SAPジャパンは10月19日、日本におけるIoT(Internet of Things:モノ・コトの相互接続)を活用した「第4次産業革命」を推進する専任組織「IoT/IR4(Internet of Things / Fourth Industrial Revolution)」を発足したと発表した。
近年では、ドイツ発の「インダストリー4.0」を筆頭に、米国の「インダストリアルインターネットコンソーシアム」、また日本の「ロボット革命イニシアティブ協議会」など、IoTをテコとして製造業にあらたな競争軸をもたらす活動が活発に行われている。
しかし、第1次~第3次までの産業革命が主に「製造業」革命であったのに対し、IoTとデジタル化がもたらすとする第4次産業革命では、製造業と非製造業の境界をなくし、あらゆる業種・業態に広範なインパクトをもたらす点で大きく異なるという。
IoTとは「顧客観察プラットフォーム」であり、顧客による利用状況をより精緻に把握することによって、顧客のことを顧客自身よりも深く理解することが可能になるとする。一方、ERPとは「企業のデジタル・ツイン構築」のためのツールであり、企業の競争力の源となっている既存の業務プロセスをデジタルに把握しシームレスにつなげることで、より高度な企業活動を実現している。

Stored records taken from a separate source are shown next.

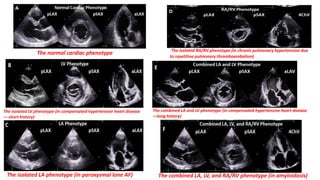 The normal cardiac phenotype
The isolated LV phenotype (in compensated hypertensive heart disease
— short history)
The isolated LA phenotype (in paroxysmal lone AF)
The isolated RA/RV phenotype (in chronic pulmonary hypertension due
to repetitive pulmonary thromboembolism)
The combined LA and LV phenotype (in compensated hypertensive heart disease
—long history)
The combined LA, LV, and RA/RV phenotype (in amyloidosis)
 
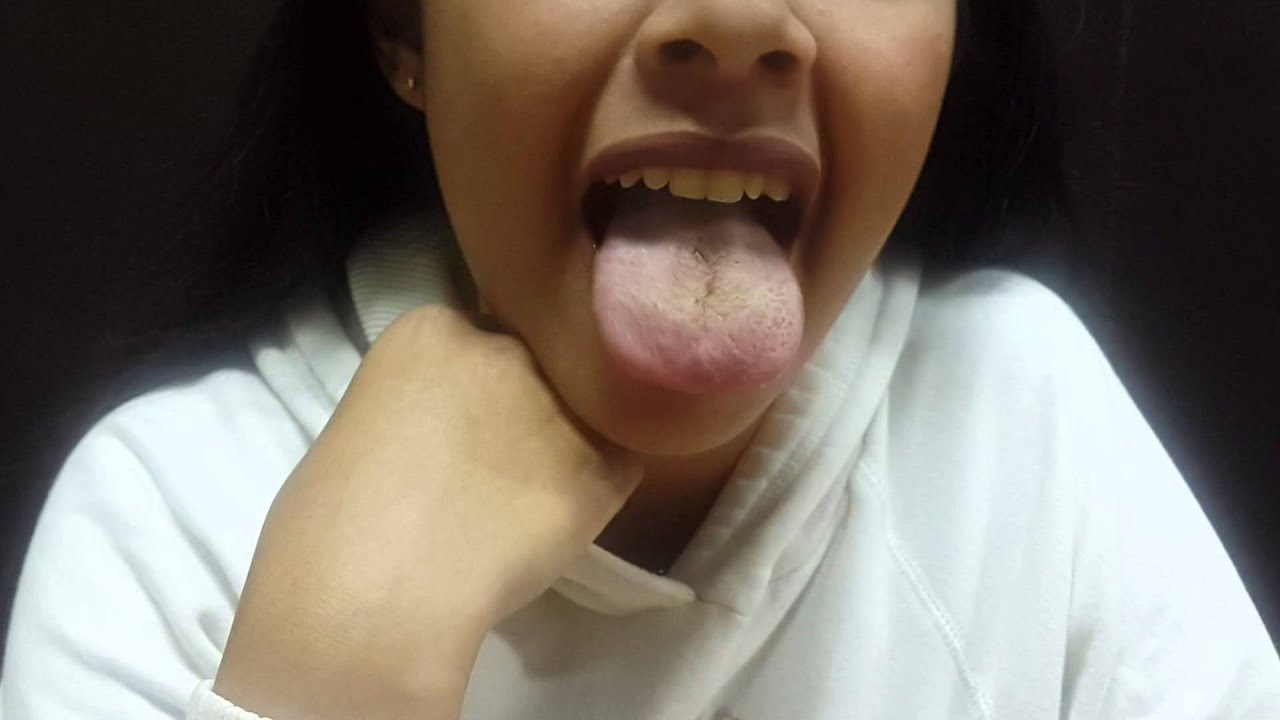 Tongue tricks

SAPジャパンでは、IoTによって得られる顧客理解を、デジタル化された業務プロセスとつなぐこと(IoP:Internet of Processes)により、企業は顧客の真の欲求をより高い次元で満たす、新たな競争軸を手にできるとしている。
そこで同社では、第4次産業革命をより強力に推進し、日本企業のあらたな競争力強化に、顧客やパートナーとともに取り組む専任組織を発足させることにしたとのこと。組織は約50名で構成され、今後さらに増強していく予定。

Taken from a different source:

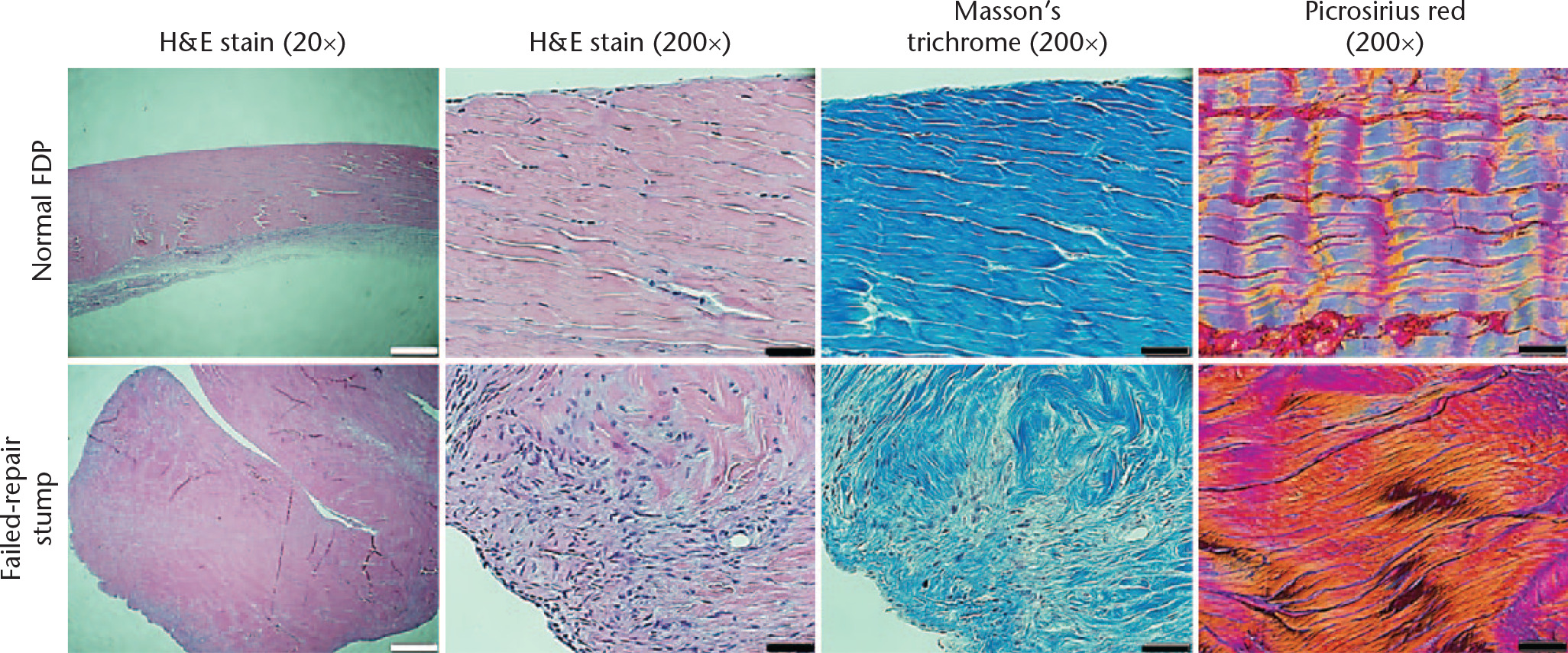 Fig. 3 
            Histological examination of failed-repair stumps and normal tendons. Histological staining with haematoxylin and eosin (H&E) and Masson’s trichrome showed non-parallel, crumpled collagen fibres with cell accumulation in the failed-repair stump compared with the normal tendon with parallel collagen and few cells embedded. In addition, the irregular collagen arrangement in the stump tendon was confirmed by Picrosirius red staining. White bars = 500 μm; black bars = 50 μm. FDP, flexor digitorum profundus.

なおSAPジャパンでは、本年7月に「SAP Industry 4.0 Co-Innovation Center powered by COIL Tokyo」を設置し、インダストリー4.0に対する取り組みを進めてきた。今回それをさらに強化し、また対象業種も製造業に限らず全業種とすることで、日本企業が「第4次産業革命」を先んじて制するための支援を行っていくという。